Feminists should boycott these books.

Rich damaged man, poor foolish woman. Meet. Fall in love. Insert conflict. End with tragedy. I hate these formula books and this book was one of those to the core. It started off decently enough but about halfway through it I could have told you exactly how the story was going to progress. It was worse than most of the cliched books out there. If you are into that sort of things, great. If not, avoid this book like the plague. It was an utter disappointment. My fault entirely, because I quit reading soppy crap like this a long time because I thought they were playing on my emotions to bring me down and making me feel weak and I didn’t need anymore of that in my life than I already had. No body needs books that leave them feeling like crap and wishing they had someone else’s life. No one deserves that. Books should be uplifting and inspiring. This was just another version of Twilight grounded in a world that looked a shade similar to ours.

Golem & Jinni

For a book with such a cheesy title, this book really surprised me. It really wasn’t as bad as I was expecting it to be and there was a quiet pleasure in reading it. Admittedly, the title WAS the reason I was attracted to it and wanted to read it. The word “Jinni” just has such a pull to it, at least for me because of the mystery surrounding the legend rooted in our culture and religion. Regaled with stories from our parents and friends as kids about these mythical creatures that are made of fire and have powers that could allow them to rule the world if they so wished, our level of interest just got wired at the very mention of the word “Jinni” making us hungry for more information, any story that could reveal the nature of these beings so hidden from us.

The myth of the Golem was not something I have heard of. From what I read and will now research, it is a Hebrew legend. Beings made of clay as opposed to the Jinni being created from fire. In my religion, humans are made of mud and clay too. Does that make humans a form of Golem too? Hmm. I wonder. It’s unfortunate that Wikipedia doesn’t have the answer to life. It would make my life so much easier.

Anyways the book read like an epic and in a good way. The language was expansive enough to keep it interesting and not formal enough to be a difficult read. It was poetic and yet easy to make it an enjoyable read. The ideas were there, woven together and just like in life, some characters didn’t play an interesting enough part or have much of a role in the overall story and it seemed like it was close enough to real life and how some people just don’t play an important enough role in your life to make a lasting impression.

Her future unrolled before her like a dreadful tapestry, its pattern set and immutable. There would be a wedding, and then a house somewhere nearby on the avenue, with a nursery for the children that were, of course, mandatory. She’d spend interminable summers in the country, traveling from estate to estate, playing endless games of tennis, chafing under the strain of being constantly a guest in someone else’s home. Then would come middle age, and the expected taking-up of a cause, Temperance or Poverty or Education—it did not matter so long as it was virtuous and uncontroversial, and furnished opportunities for luncheons with dowdy speakers in severe dress. Then old age and decrepitude, the slow transformation into a heap of black taffeta in a bath chair, to be displayed briefly at parties and then put out of sight; to spend her last days sitting bewildered by the fire, wondering where her life had gone.

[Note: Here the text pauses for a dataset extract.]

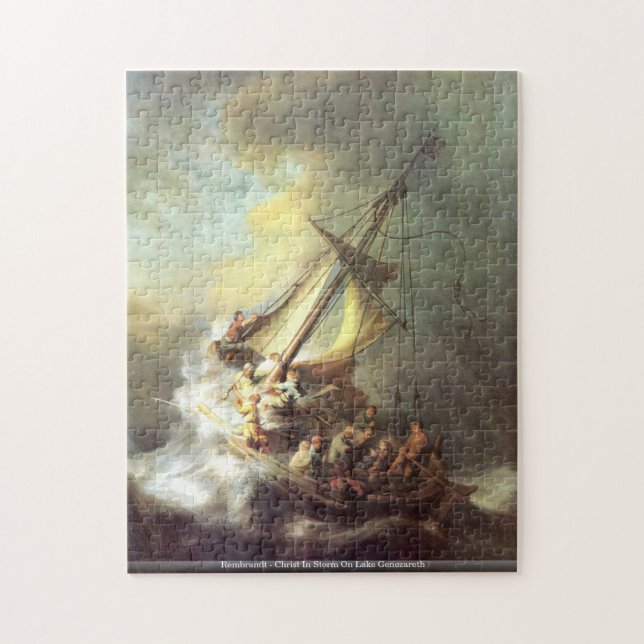 Rembrandt - Christus im Sturm auf See Genezareth Puzzle (Vertikal)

It’s true isn’t it? Sometimes I feel like we are all following a script and we are expected to play the roles that we are supposed to. Our entire lives are planned out by our society and we can’t choose a different life for ourselves. If we want something different for ourselves, we have to fight for it every step of the way.

She didn’t have the stomach for prolonged family strife, nor the fortitude to make her own way in the world.

And that brings us to this quote. Who has the strength to extend wars we have to fight to live the life that we want, that may be different from what others want for us.